Stored data »

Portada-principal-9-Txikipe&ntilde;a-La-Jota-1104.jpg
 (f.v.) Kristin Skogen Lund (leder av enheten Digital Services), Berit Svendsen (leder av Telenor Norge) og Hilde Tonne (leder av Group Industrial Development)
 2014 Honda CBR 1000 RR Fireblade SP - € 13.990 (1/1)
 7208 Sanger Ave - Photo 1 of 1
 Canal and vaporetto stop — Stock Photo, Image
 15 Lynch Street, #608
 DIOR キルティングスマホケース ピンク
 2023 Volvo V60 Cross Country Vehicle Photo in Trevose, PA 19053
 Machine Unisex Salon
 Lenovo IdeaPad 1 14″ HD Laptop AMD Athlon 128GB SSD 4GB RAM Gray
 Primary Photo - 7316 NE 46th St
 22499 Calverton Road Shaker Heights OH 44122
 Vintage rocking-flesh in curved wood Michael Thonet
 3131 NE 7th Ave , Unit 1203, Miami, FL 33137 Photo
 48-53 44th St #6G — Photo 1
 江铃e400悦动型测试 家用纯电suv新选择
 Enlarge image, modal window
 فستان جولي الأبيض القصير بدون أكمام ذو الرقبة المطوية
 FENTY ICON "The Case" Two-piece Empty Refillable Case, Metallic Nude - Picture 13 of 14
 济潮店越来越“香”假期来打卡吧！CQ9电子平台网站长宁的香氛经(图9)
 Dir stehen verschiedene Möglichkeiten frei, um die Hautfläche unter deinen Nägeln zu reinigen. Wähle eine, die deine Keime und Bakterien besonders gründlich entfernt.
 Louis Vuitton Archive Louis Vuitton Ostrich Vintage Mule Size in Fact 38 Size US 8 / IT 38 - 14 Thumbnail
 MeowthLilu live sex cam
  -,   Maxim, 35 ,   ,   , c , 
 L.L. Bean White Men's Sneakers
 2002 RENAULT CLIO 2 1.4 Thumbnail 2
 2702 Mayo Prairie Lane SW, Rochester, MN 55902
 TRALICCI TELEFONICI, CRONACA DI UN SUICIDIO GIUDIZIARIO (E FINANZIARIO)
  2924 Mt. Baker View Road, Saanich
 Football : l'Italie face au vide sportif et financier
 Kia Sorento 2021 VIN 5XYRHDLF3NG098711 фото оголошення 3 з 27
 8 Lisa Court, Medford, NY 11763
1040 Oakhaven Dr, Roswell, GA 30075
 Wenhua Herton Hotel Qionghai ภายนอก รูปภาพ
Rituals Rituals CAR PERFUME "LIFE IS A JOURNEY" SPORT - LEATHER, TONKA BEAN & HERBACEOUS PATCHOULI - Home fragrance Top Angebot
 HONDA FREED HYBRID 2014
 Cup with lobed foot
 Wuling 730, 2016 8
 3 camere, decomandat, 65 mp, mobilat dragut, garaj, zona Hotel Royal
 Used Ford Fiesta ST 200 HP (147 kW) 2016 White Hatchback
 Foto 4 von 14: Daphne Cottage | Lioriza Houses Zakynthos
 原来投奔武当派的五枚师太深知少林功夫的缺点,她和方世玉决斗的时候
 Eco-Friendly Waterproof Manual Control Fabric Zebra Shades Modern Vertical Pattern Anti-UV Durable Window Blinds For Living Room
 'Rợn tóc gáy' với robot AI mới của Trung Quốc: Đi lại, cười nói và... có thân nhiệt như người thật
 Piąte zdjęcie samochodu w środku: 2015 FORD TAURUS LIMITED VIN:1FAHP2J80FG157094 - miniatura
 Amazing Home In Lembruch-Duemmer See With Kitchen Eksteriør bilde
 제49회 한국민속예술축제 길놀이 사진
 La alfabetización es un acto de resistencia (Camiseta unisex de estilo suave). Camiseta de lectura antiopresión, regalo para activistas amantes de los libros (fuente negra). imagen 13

Problem » Above are the records; from them, give again exactly the lines from the one containing "Foto 4 von 14: Daphne" to the one containing "Piąte zdjęcie samochodu", both lines included, and nothing more.

Worked solution »
 Foto 4 von 14: Daphne Cottage | Lioriza Houses Zakynthos
 原来投奔武当派的五枚师太深知少林功夫的缺点,她和方世玉决斗的时候
 Eco-Friendly Waterproof Manual Control Fabric Zebra Shades Modern Vertical Pattern Anti-UV Durable Window Blinds For Living Room
 'Rợn tóc gáy' với robot AI mới của Trung Quốc: Đi lại, cười nói và... có thân nhiệt như người thật
 Piąte zdjęcie samochodu w środku: 2015 FORD TAURUS LIMITED VIN:1FAHP2J80FG157094 - miniatura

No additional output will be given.